Non possiede altri viveri tranne che quelli che porta nel suo corpo, vale a dire nella tasca sociale, una piccola provvista di rugiada mellificata, la sua carne e i suoi muscoli, soprattutto i muscoli possenti delle ali sacrificate, che verranno interamente riassorbiti.
Nulla penetra nella sua tomba, salvo un poco di umidità proveniente dalle pioggie e forse qualche misteriosa sostanza di cui si ignora ancora la natura. Paziente aspetta che si compia l’opera del suo destino, finalmente qualche uovo si spande intorno a lei. Ben presto da uno di essi esce una larva, altre uova si aggiungono alle prime, due o tre larve ne escono nel frattempo; chi le nutre? Non può essere che la madre, poichè la celletta è chiusa a tutto, fuorchè all’umidità. Sono già cinque o sei mesi che la madre è sepolta: ormai non ne può più, non è più che uno scheletro. Allora comincia l’orribile tragedia.

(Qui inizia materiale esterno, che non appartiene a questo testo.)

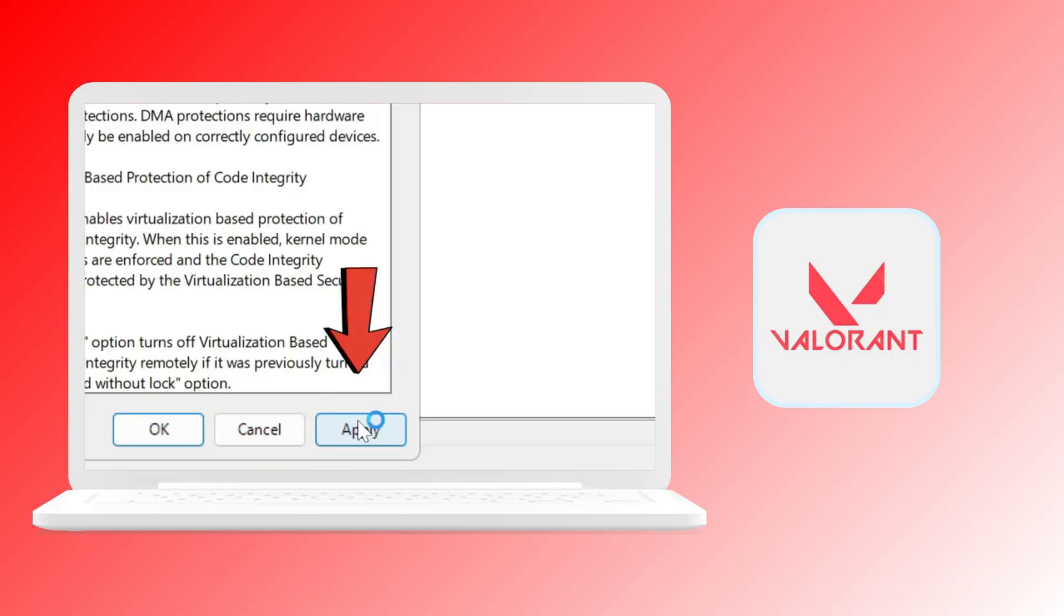That's how you enable HVCI for Valorant. If you found this video helpful, don't forget to smash that like button and subscribe so you never miss a new video.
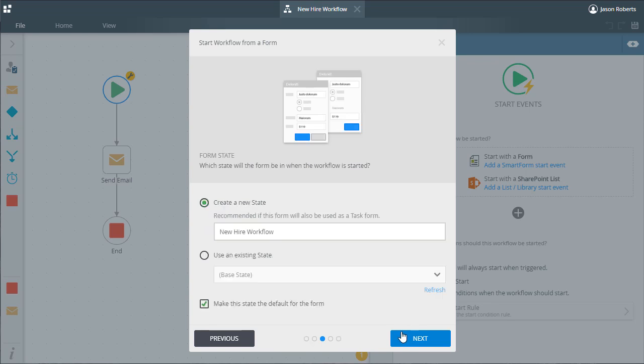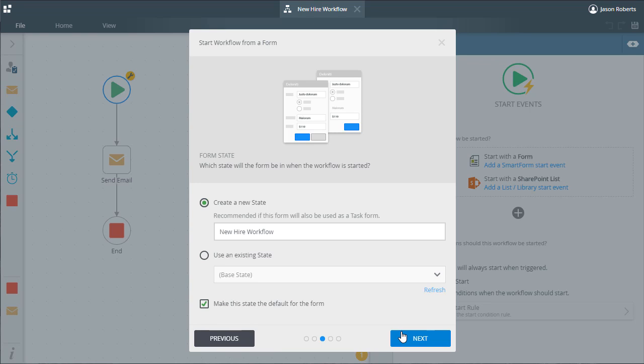Form states allow us to change the behavior of a form to make it do different things based on the state we tell it to be in at a certain point in time. We may want this form to look differently when a user is initially filling it out to start a workflow as opposed to when a user is looking at the form to complete an approval task assignment from the workflow. We might want to set all the fields to read only for an approval task state. I'll leave the setting to create new state as it is because we really don't have any existing states in this form yet. I'll also leave the default state name as new hire workflow. Moving on to the next window.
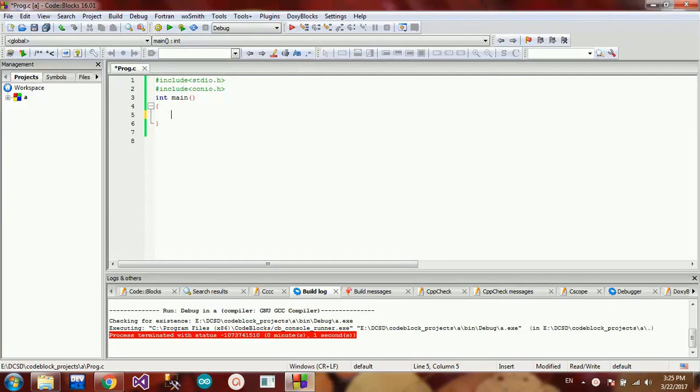Hi everyone. I'm going to talk about Programming Fundamentals in this video series. I'm going to talk about the character connection.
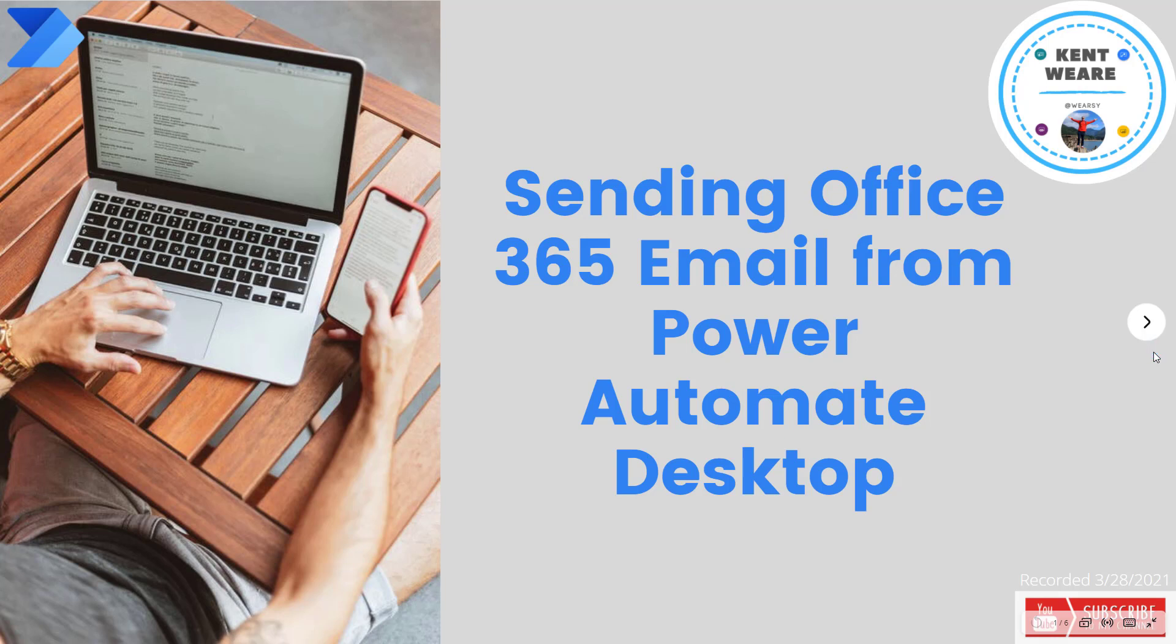Hello and welcome to the channel. Today what we're going to talk about is sending Office 365 email from Power Automate Desktop. Let's go.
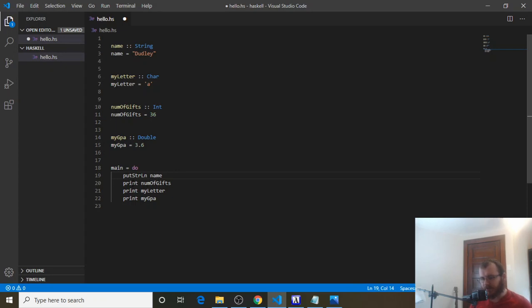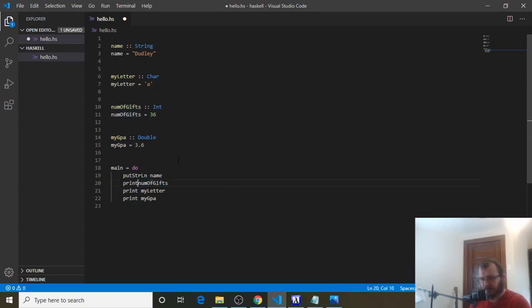Print is the same way, except it prints anything that's not a string to the console. So we feed something into print — we put it to the right of it, we just add a space, put it to the right of it, and it gets fed into print and it gets printed to the console.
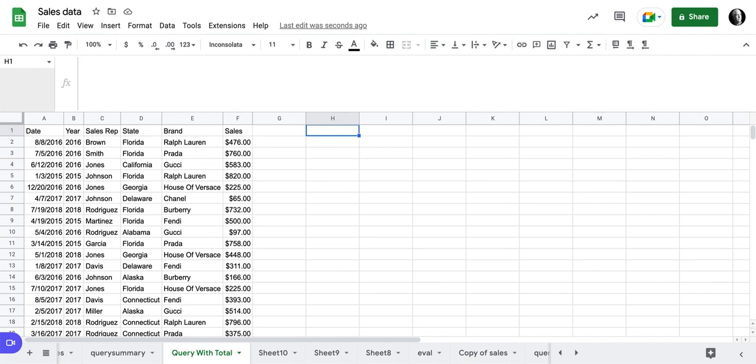In this video, I want to demonstrate how you could do a summary of a data set using a query and also then getting a total of the data with the query.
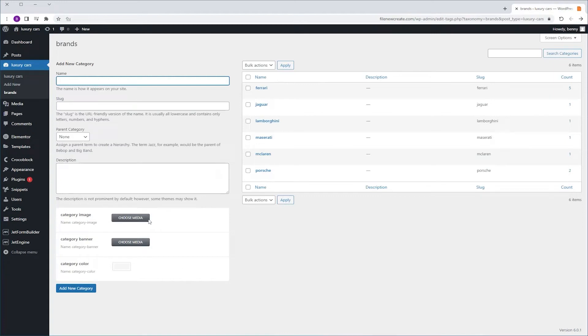In the last video I showed you how to add custom metafields to a taxonomy. In this video, we're going to use the image and the color to design a category listing and then we're going to display it in a listing grid.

Vicino a morire di una morte che annienterebbe d’un colpo tutto il lavoro fatto fino a quel momento, essa si decide a divorare una o due delle sue stesse uova, il che le dà la forza di sopravvivere e di rideporne altre tre o quattro, si rassegna inoltre a divorare una delle sue larve, il che le permette, grazie agli apporti segreti di cui non conosciamo la sostanza, di nutrirne altre due o tre; e così tra parti ed infanticidi, infanticidi e parti, tre passi avanti ed uno indietro ma regolarmente avvantaggiandosi sullo spettro della morte, il macabro dramma si svolge per quasi un anno, fino a che si formano alcune piccole operaie deboli, perchè mal nutrite sin dalla nascita, ma abbastanza in forza da forare i muri di quella cella che è stata anche la loro prigione per più di un anno. Ora esse usciranno a cercare i primi viveri per loro, ma in modo particolare per la loro regina nonchè, madre. Da questo momento la regina non lavorerà più, non si occuperà di null’altro fino alla morte, che di deporre uova giorno e notte. I tempi eroici sono trascorsi, l’abbondanza e la prosperità prendono il posto della lunga carestia, la prigione si allarga, si costruiscono velocemente strade, ponti e sottopassaggi intorno alle radici conficcate nel terreno, si costruiscono stanze, magazzeni, incubatoi collegati tra loro con millimetrica precisione dando finalmente un volto definitivo alla nuova ” CITTA’ “.